Available data:
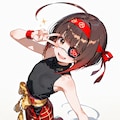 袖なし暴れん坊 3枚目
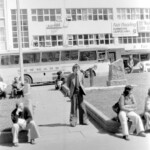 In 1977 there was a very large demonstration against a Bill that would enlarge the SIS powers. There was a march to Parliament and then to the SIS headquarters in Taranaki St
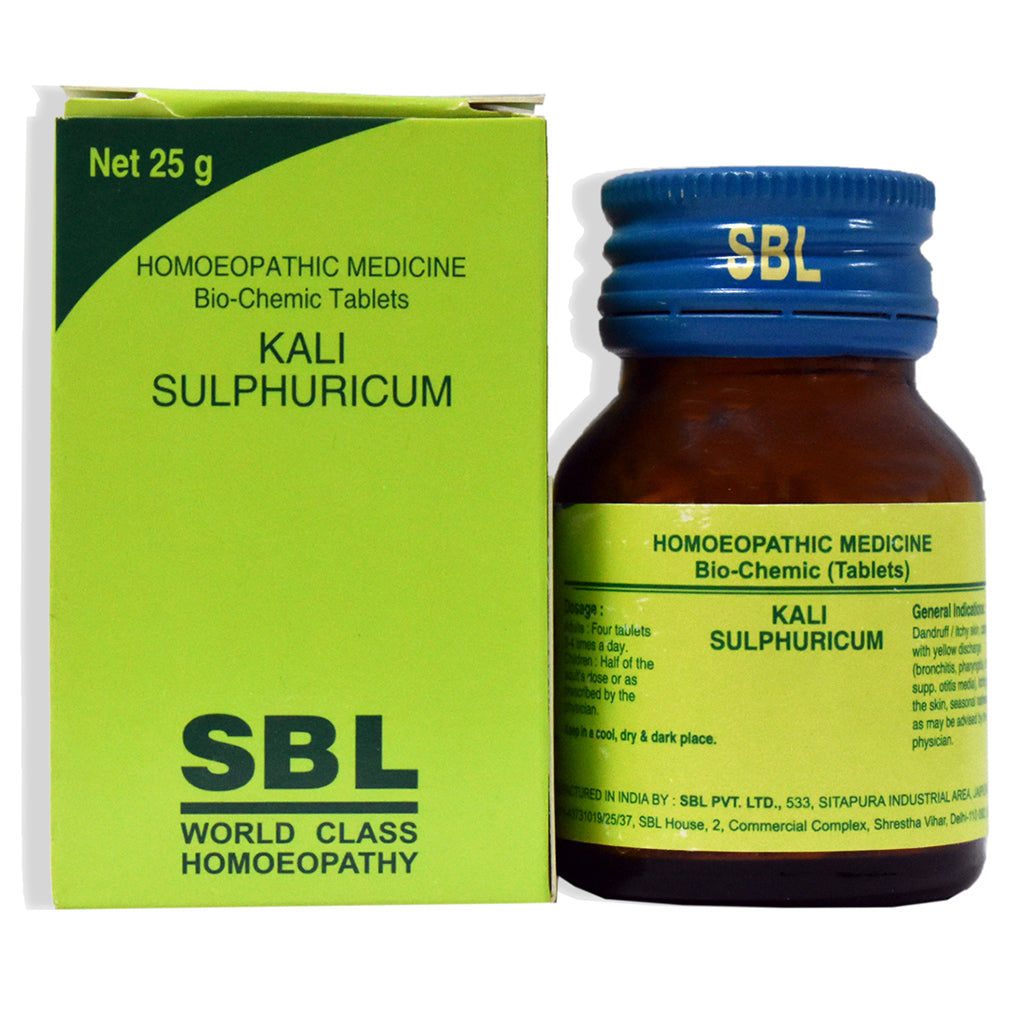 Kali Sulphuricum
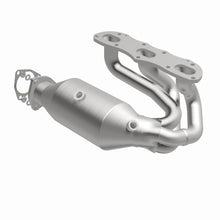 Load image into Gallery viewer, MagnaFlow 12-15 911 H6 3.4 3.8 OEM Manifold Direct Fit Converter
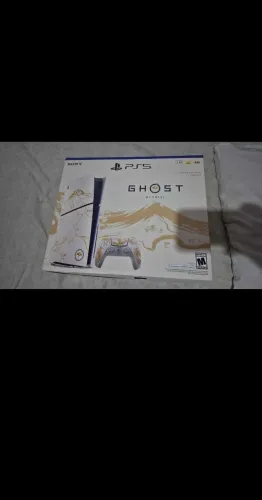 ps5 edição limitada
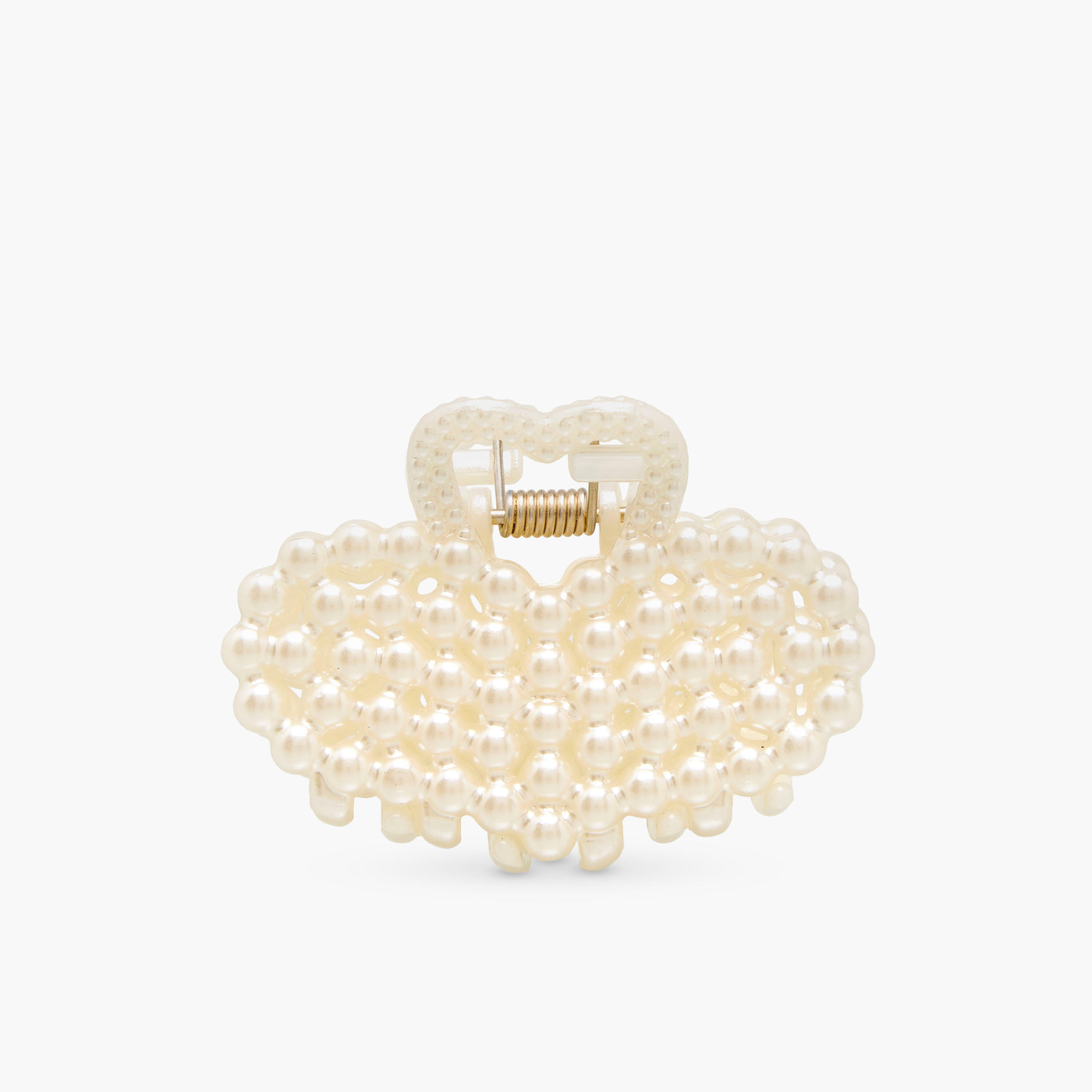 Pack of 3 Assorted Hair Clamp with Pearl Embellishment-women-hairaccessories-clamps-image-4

==

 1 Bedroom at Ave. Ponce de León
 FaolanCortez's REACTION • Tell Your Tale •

---

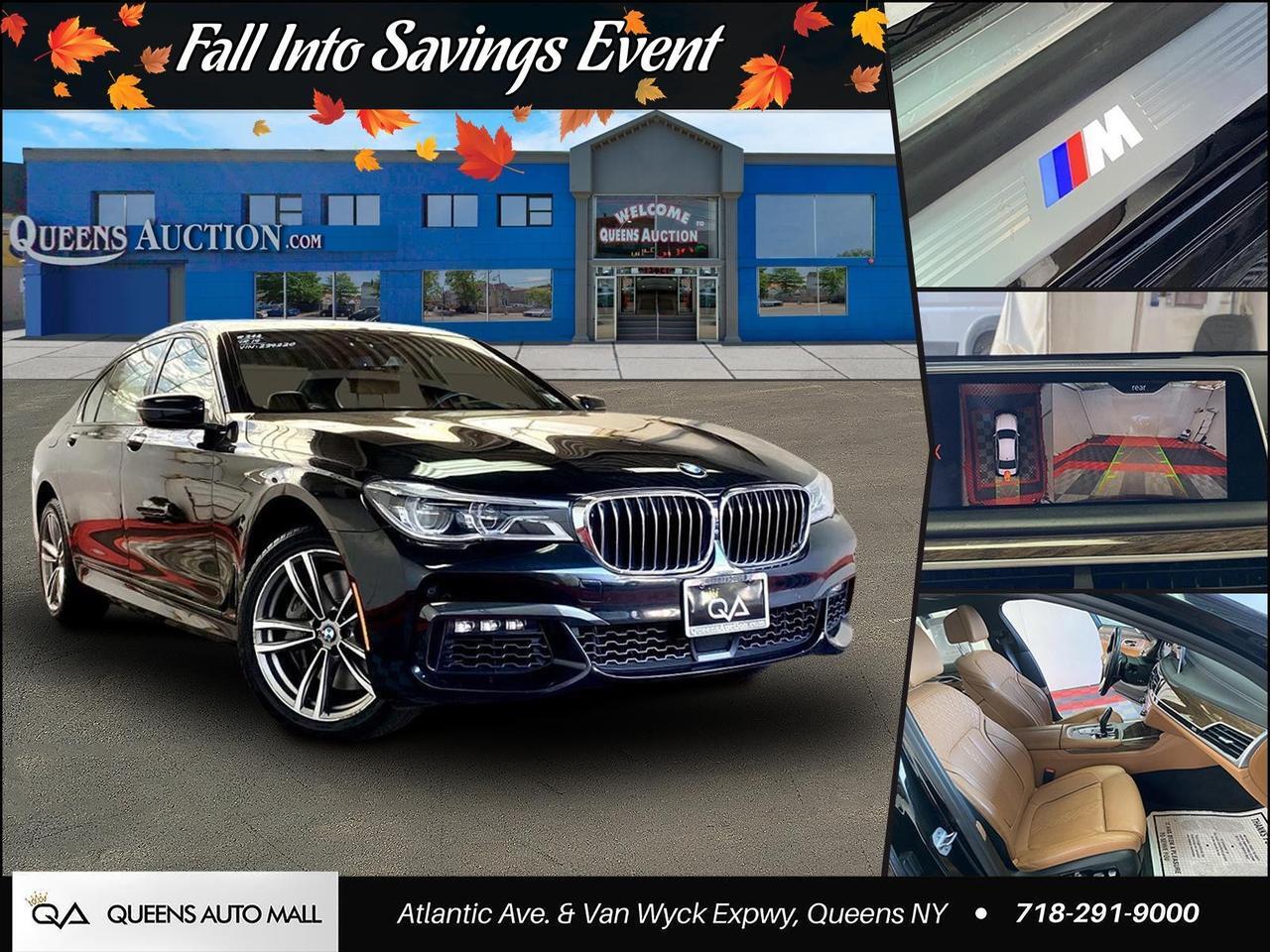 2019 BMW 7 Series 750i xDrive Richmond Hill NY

Task brief:
From the listing above, restate verbatim the lines running from the one with "袖なし暴れん坊 3枚目" through the one with "Load image into", inclusive, but not the pictures.

Result of this exercise:
 袖なし暴れん坊 3枚目
 In 1977 there was a very large demonstration against a Bill that would enlarge the SIS powers. There was a march to Parliament and then to the SIS headquarters in Taranaki St
 Kali Sulphuricum
 Load image into Gallery viewer, MagnaFlow 12-15 911 H6 3.4 3.8 OEM Manifold Direct Fit Converter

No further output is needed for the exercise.